* Required action
After finding the line containing "As you can see here" below, please output that line and each following one through the line containing "As you can see in", exactly as written.

* Stored data

· · · · · · ·

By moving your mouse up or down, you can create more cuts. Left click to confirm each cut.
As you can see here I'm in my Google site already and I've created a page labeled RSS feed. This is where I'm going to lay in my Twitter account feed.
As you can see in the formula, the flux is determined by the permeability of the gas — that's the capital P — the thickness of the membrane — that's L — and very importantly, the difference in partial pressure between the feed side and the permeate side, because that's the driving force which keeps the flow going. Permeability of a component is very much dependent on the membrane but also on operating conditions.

· · · · · · ·

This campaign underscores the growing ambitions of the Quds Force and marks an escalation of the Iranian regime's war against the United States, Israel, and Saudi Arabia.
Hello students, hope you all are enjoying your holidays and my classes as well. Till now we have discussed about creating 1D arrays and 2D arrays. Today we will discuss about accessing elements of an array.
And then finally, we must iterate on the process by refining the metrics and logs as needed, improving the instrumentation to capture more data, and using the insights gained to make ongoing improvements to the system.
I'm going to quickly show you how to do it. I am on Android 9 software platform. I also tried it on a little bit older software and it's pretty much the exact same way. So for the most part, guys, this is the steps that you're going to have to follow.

· · · · · · ·

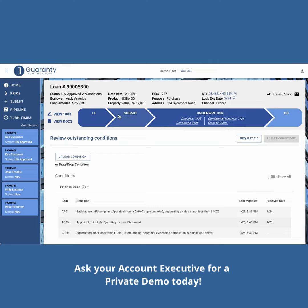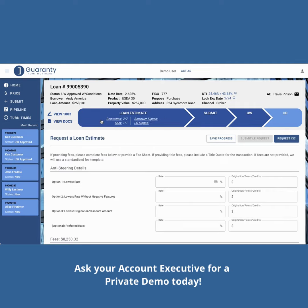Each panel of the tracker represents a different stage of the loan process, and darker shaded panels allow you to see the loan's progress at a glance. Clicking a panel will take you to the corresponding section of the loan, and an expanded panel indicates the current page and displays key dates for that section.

· · · · · · ·

* Answer to this exercise
As you can see here I'm in my Google site already and I've created a page labeled RSS feed. This is where I'm going to lay in my Twitter account feed.
As you can see in the formula, the flux is determined by the permeability of the gas — that's the capital P — the thickness of the membrane — that's L — and very importantly, the difference in partial pressure between the feed side and the permeate side, because that's the driving force which keeps the flow going. Permeability of a component is very much dependent on the membrane but also on operating conditions.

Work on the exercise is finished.